The framework provides comprehensive error handling and debugging capabilities:
The macro generates detailed logging for all operations:
// Automatically generated logs help track request flow:
// Phase 1: Checking parameter-less handlers for path: '/api/users', method: 'GET'
// Successfully parsed HTTP path: '/api/users'
// Set current_path to: Some("/api/users")
// Set current_http_method to: Some("GET")
// Wrong handler name
Invalid request format. Expected one of the parameterized handler formats,
but got: {"WrongHandler":{"message":"test"}}
// Invalid JSON syntax
Invalid JSON in request body. Expected: {"CreateUser":[ ...parameters... ]}.
Parse error: expected value at line 1 column 1
// Empty body for parameterized handler
Request body is empty. This handler expects a JSON object with the handler name and parameters.
// If a parameterized handler expects a body but doesn't get one:
POST /api/users → "Handler CreateUser requires a request body"
// If no handler matches the method + path combination:
PUT /nonexistent → "No handler found for PUT /nonexistent"
Failed to deserialize HTTP request into HPMRequest enum.

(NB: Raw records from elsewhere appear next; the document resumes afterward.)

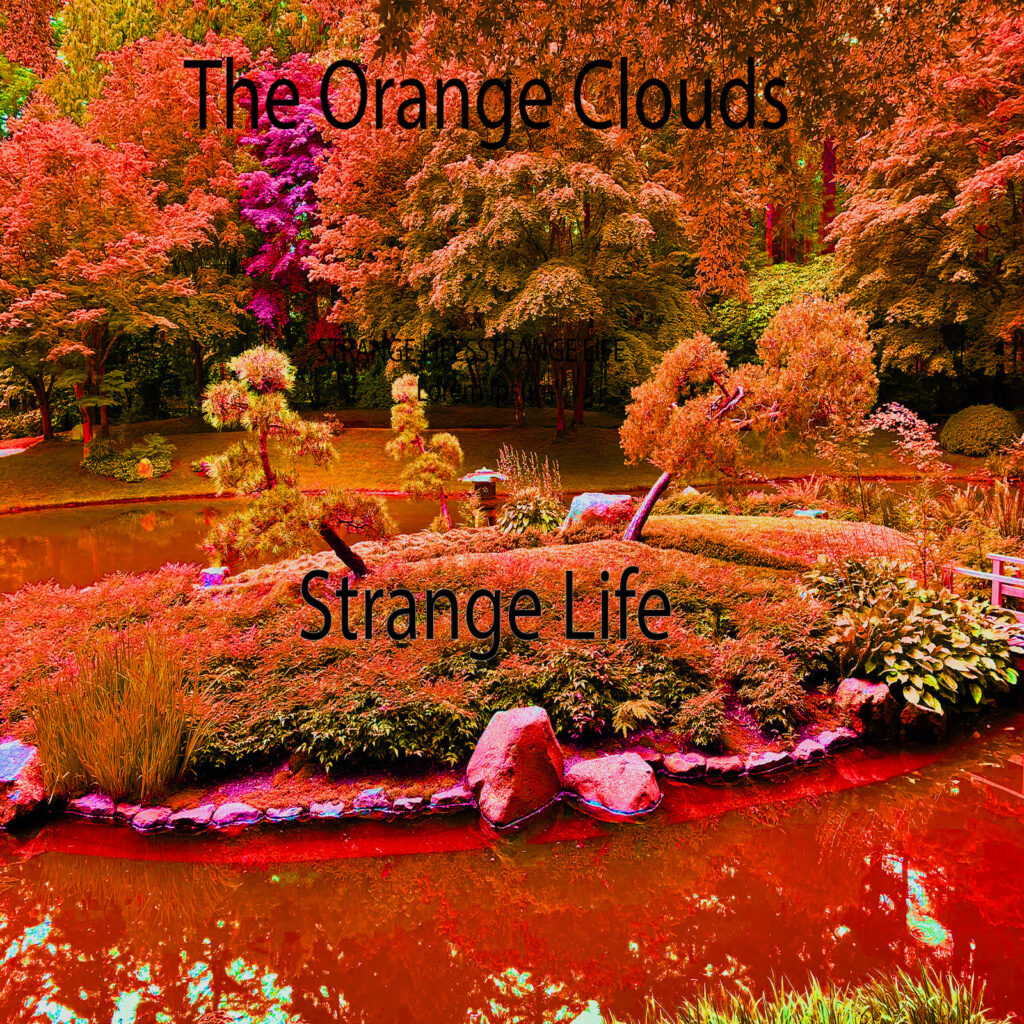 The Orange Clouds’ ‘Strange Life’: Your New Summer Anthem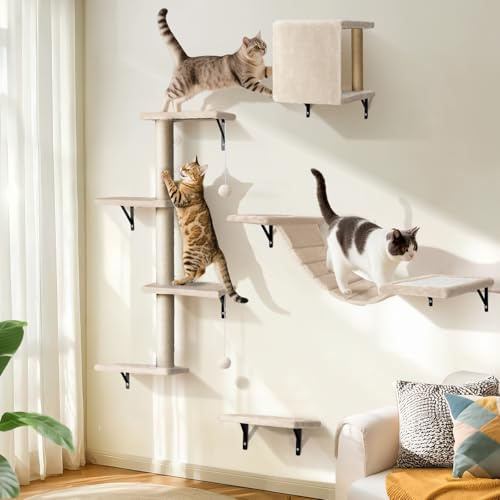 Eukue Kletterwand Katzen Set,Katzen Wandelemente für Kleine bis Mittelgroße Katze,10-teilig Katzenbaum Wand mit Kratzbaum, Katzenhaus, Katzenbrücke, Sisal Kratzsäulen für den Innenbereich Wandmontage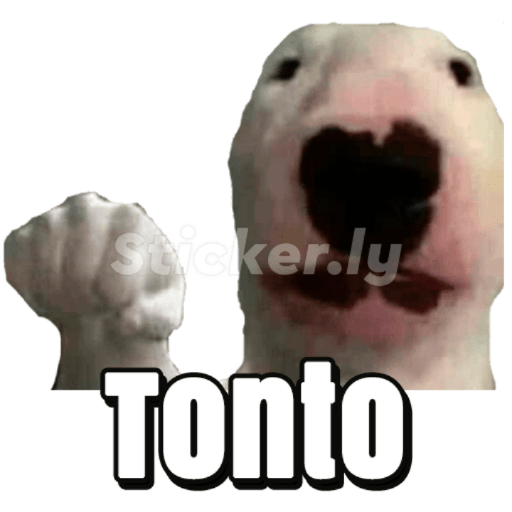 Perros2 23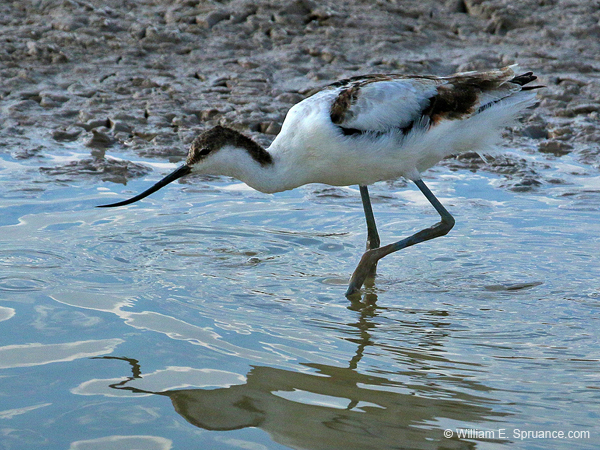 295-Pied Acocet  70D2-4135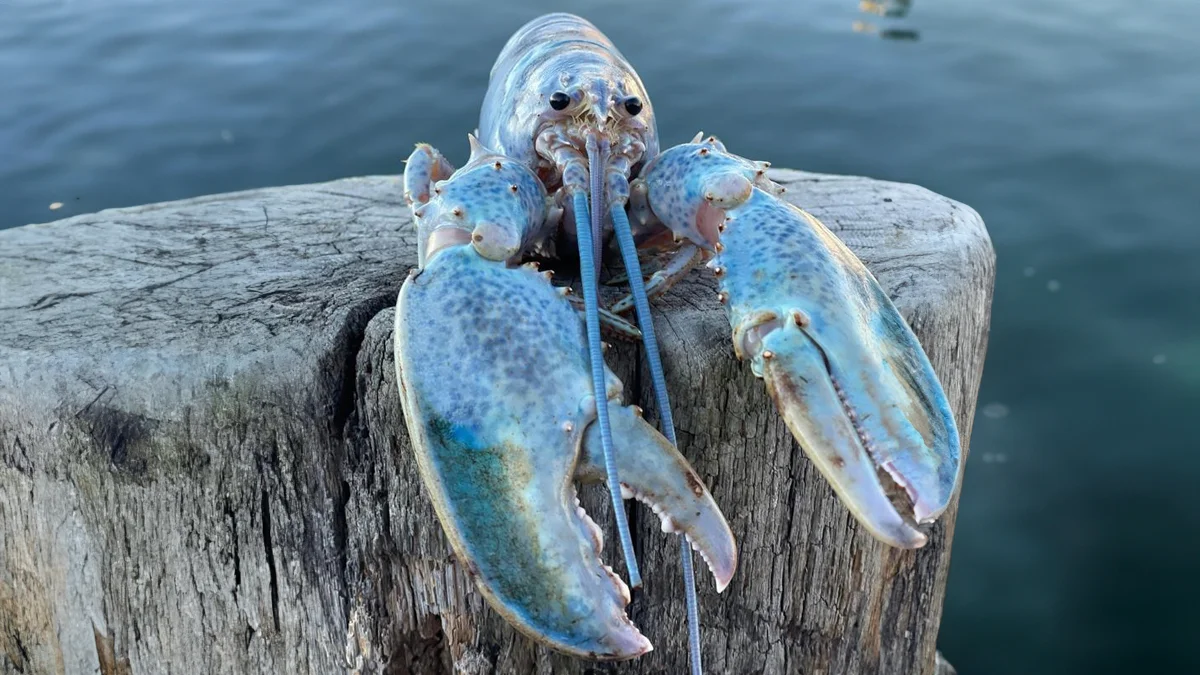 Iridescent pearly-blue lobster facing the camera on a weathered wooden dock post over seawater.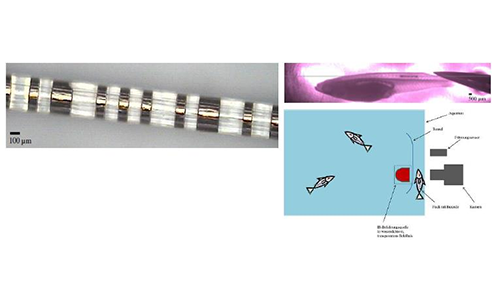 给鱼的 ID 卡  鱼类条形码可以识别和追踪动物个体，特别是在研究领域及鱼类繁殖方面。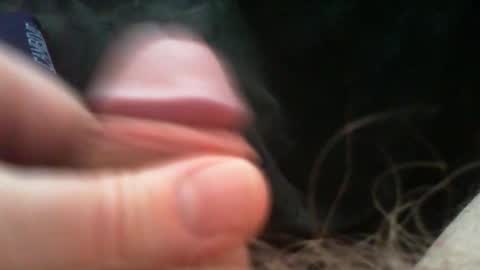 bullemoe online show from 6, 3, 2026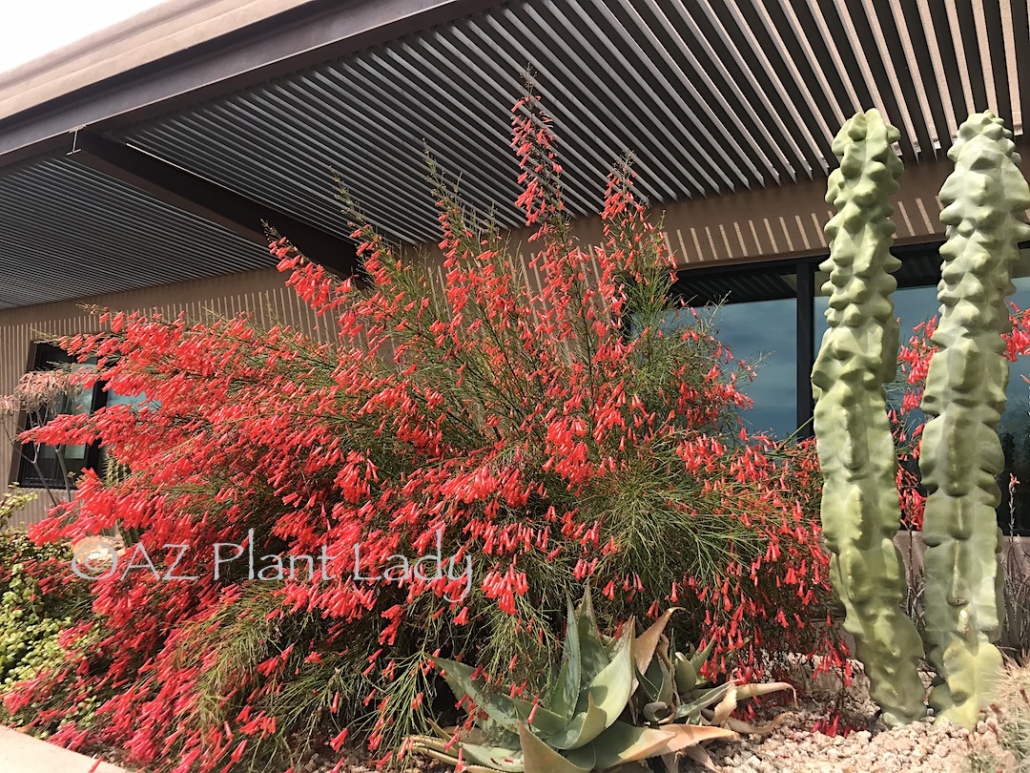 Colorful Plants for Desert Garden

Error: missing field `CreateUser` at line 1 column 15
Path: /api/users
Method: POST
Body received:
{
"createuser": "john_doe" // ❌ Wrong case! Should be "CreateUser"
}
Debugging tips:
- Handler names are converted to CamelCase: create_user → CreateUser
- JSON keys are case-sensitive: use exact CamelCase handler names
- For handlers with parameters, use format {"HandlerName": parameter_value}
- For parameter-less handlers, use get_path() and get_http_method() for routing
The macro catches configuration errors at compile time:
// This will fail to compile:
#[hyperprocess(
name = "test-app",
// Missing required 'endpoints' parameter
save_config = SaveOptions::Never,
wit_world = "my-world"
)]
impl MyApp {
#[init]
fn init_app(&mut self) -> String { // ERROR: Init should not return value
"initialized".to_string()
}
}
Use these functions to access request context within handlers:
Function | Returns | Description |
---|---|---|
get_path() |
Option<String> |
Current HTTP path |
get_http_method() |
Option<String> |
Current HTTP method |
get_query_params() |
Option<HashMap<String, String>> |
Query parameters |
source() |
Address |
Address of the message sender |
// ❌ This won't work - body expects specific JSON format
POST /api/users
Content-Type: application/json
{
"name": "John Doe",
"email": "john@example.com"
}
// ✅ This works - body must wrap parameters in handler name
POST /api/users
Content-Type: application/json
{
"CreateUser": {
"name": "John Doe",
"email": "john@example.com"
}
}
Why: The framework uses the outer JSON key to determine which handler to invoke. This enables multiple handlers to respond to the same HTTP method + path combination.
#[http(method = "POST")]
async fn create_user(&mut self, user: User) -> Result<String, String> { ... }
// ❌ Won't match - wrong case
{"create_user": {...}}
{"createUser": {...}}
// ✅ Will match - exact CamelCase
{"CreateUser": {...}}
Solution: Always use exact CamelCase conversion: snake_case
→ CamelCase
#[http(method = "POST")]
async fn async_handler(&mut self, data: MyData) -> String {
// ✅ Works - context is preserved by the framework
let path = get_path().unwrap_or_default();
// ⚠️ Potential issue - long-running tasks might lose context
tokio::time::sleep(Duration::from_secs(30)).await;
let path2 = get_path(); // May be None if context expires
format!("Path: {}", path)
}
Why: The framework preserves context by capturing it before async execution, but very long-running tasks might exceed context lifetime.
// URL: /api/search?q=hello%20world&tags=rust,web
let params = get_query_params().unwrap();
// ❌ Raw values - URL encoding not automatically decoded
assert_eq!(params.get("q"), Some("hello%20world")); // Still encoded
// ✅ Manual decoding needed for special characters
let query = params.get("q")
.map(|s| urlencoding::decode(s).unwrap().into_owned())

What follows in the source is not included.